Et, dire en plus qu’il y a une norme décidée au plus haut niveau de la concertation sociale, interdisant la libre négociation,  ni au niveau des secteurs, ni au niveau des entreprises, c’est inacceptable. On sait bien qu’il y a des secteurs, des entreprises multinationales qui font des plantureux bénéfices, avec des actionnaires qui touchent des dividendes exceptionnels et des patrons qui touchent trois cents fois plus que l’employé de l’entreprise. 

La Gauche : Le comité fédéral  du SETCa lance dès à présent une campagne de sensibilisation et de mobilisation. Comment cette campagne va-t-elle se concrétiser, sur quels  objectifs ? Uniquement le rejet de l’AIP ? Sur un programme de revendication ? Quel plan de mobilisation ?  

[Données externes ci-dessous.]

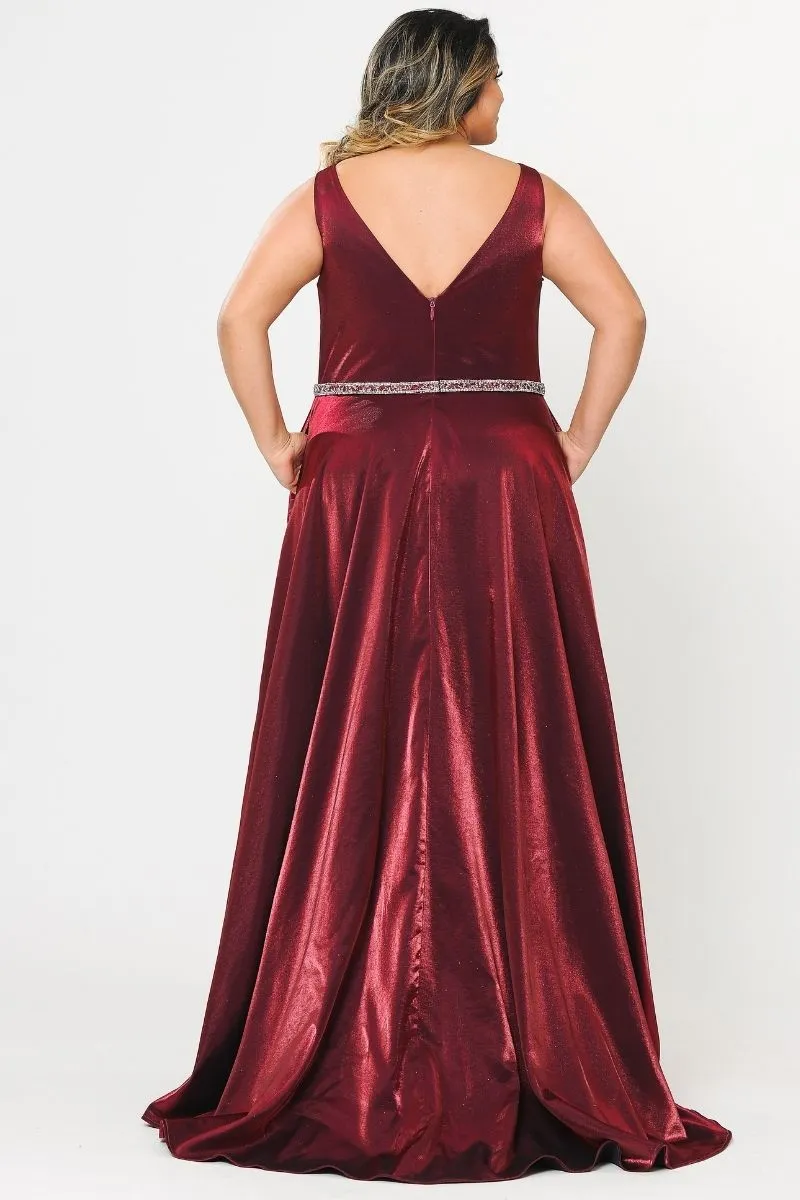 Lindas W1062 Floor Length Rhinestone Waist V-Neck Floor Length Shinny Dress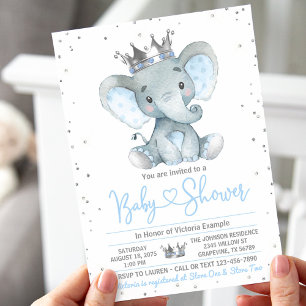Jungen-Elefanten-Prinz-Baby-Shower-Einladung Einladung
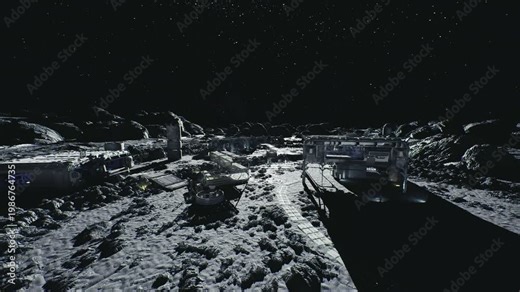 Moon research hub with observatory domes and instrument arrays, bright sensor clusters, sample collection zones and data terminals highlighting scientific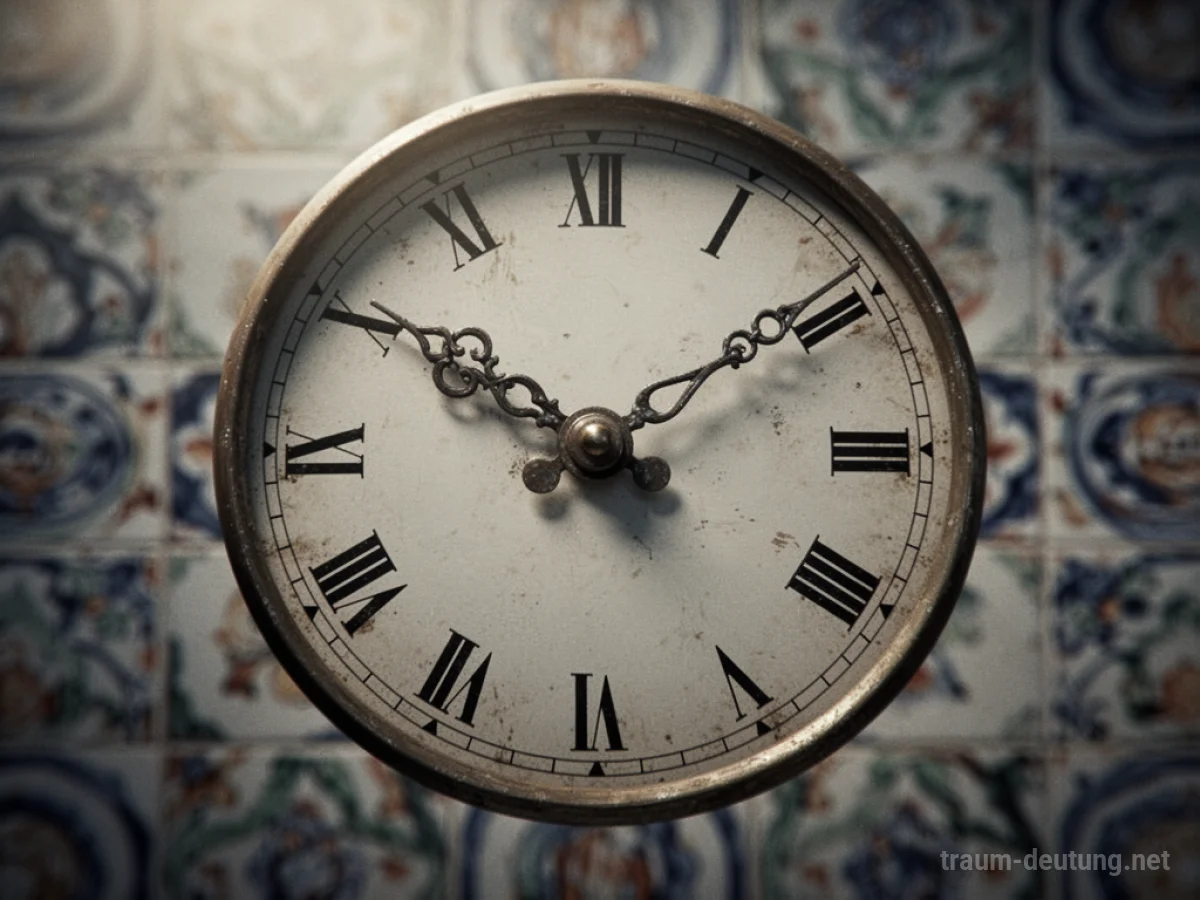 Eine Uhr, deren Zeiger stillstehen, vor einem verschwommenen Muster.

Egidio Di Panfilo : Nous allons mettre en route notre campagne, d’abord d’information dans les entreprises, sur le texte de ce préaccord, pourquoi nous le rejetons. Il faut en plus un objectif de mobilisation, pas seulement au niveau du SETCa, mais avec les autres centrales de la FGTB, avec les Métallos (francophones et néerlandophones), avec la CGSP, la Centrale Générale… 

En ce qui concerne les revendications, cela doit se préciser au niveau des instances syndicales. Pour ma part, le salaire minimum interprofessionnel est, comme je l’ai déjà signalé, un point fondamental dans un accord de solidarité. Je ne vais pas avancer de revendication chiffrée. En  reprenant les chiffres des AIP précédents,  on devrait, au minimum, avoir le même ordre de grandeur. Sur la revendication salariale, je ne vais pas avancer de chiffre. Ce que nous demandons, c’est la liberté de négociation dans les secteurs et les entreprises.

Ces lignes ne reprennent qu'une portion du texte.